About this event
Denial of the 1994 genocide against the Tutsi in Rwanda has significantly increased in recent years, with prominent intellectuals and journalists finding a growing voice in the mainstream media and in academic institutions. This panel will bring together Rwandan and international experts from academia and civil society working on issues related to the genocide against the Tutsi and its denial. The event will take the form of a series of questions, prompting panellists to engage in discussions about genocide denial in its many manifestations, delineating the major arguments of genocide deniers and the forms and patterns denial takes. Panellists will also consider the consequences of genocide denial both in terms of its immediate impact on the survivor community as well as its broader impact on public opinion and political decision making. Finally, panellists will reflect on how we, as a community, should respond collectively to genocide denial in a general sense but also in specific cases where known genocide deniers are given a public platform.
Caroline Williamson Sinalo
Dr Williamson Sinalo is author of Rwanda after Genocide: Gender, Identity and Posttraumatic Growth (CUP, 2018). Her research focuses on conflict in Africa’s Great Lakes region, touching on issues including testimony and trauma, media representations of conflict, and gender issues.
Dr Gilbert’s research examines genocide commemoration and education in the Rwandan diaspora. She is the author of From Surviving to Living: Voice, Trauma and Witness in Rwandan Women’s Writing (2018) and co-editor of On Commemoration: Global Reflections upon Remembering War (2020).
Dr Benda is a Tutor in Contextual and Practical Theology and specialises in the complex interactions between religious beliefs and political agency. His current research explores intergenerational dialogues on guilt, shame, transformation and accountability in the aftermath of the genocide.

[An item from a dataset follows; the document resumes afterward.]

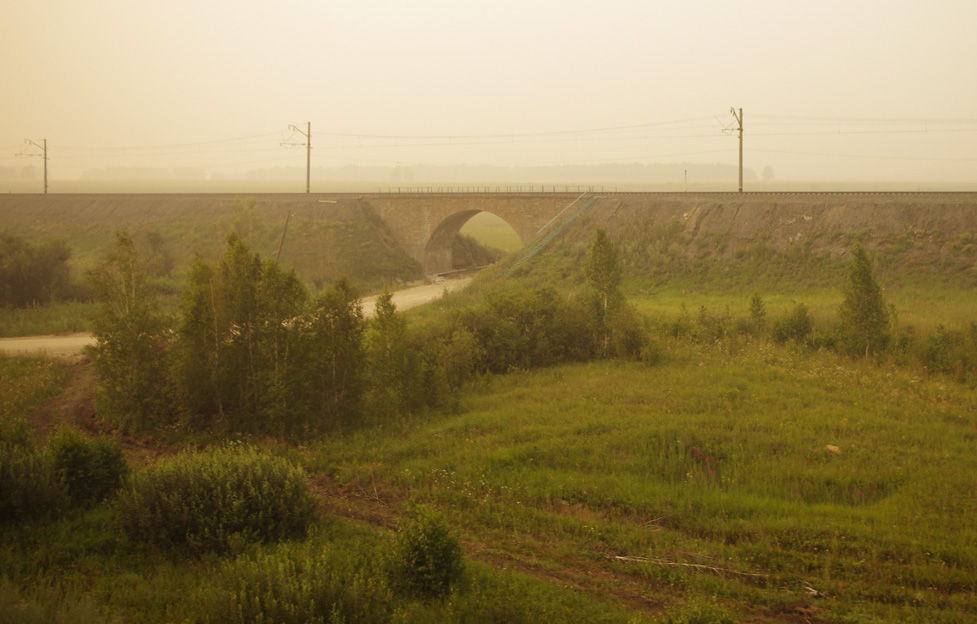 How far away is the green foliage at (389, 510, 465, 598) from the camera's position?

Dr James Smith CBE is co-founder of The National Holocaust Centre and Museum (1995) and of the Aegis Trust (2000). In 2004 he worked with survivors and the Kigali City Council to establish the Kigali Genocide Memorial, the base from which the Aegis Trust’s Peace Education Programme was developed.
Graduating in sociology from the University of Rwanda, Paul Rukesha has worked for over a decade at the Kigali Genocide Memorial with the Aegis Trust, documenting eyewitness testimony and coordinating major projects for the Genocide Archive of Rwanda and National Archives Rwanda.
Phil Clark has written extensively on post-genocide justice, reconciliation and memorialisation in Rwanda and on the politics of the International Criminal Court in Africa. In 2014, he founded the Aegis Trust programme on Research, Policy and Higher Education (RPHE) and is currently an RPHE advisor.
Linda Melvern researches and writes exclusively about the genocide against the Tutsi. Her books include A People Betrayed. The Role of the West in Rwanda’s Genocide (Zed 2000), Conspiracy to Murder. The Rwandan Genocide (Verso 2004), Intent to Deceive. Denying the Genocide of the Tutsi (Verso 2020).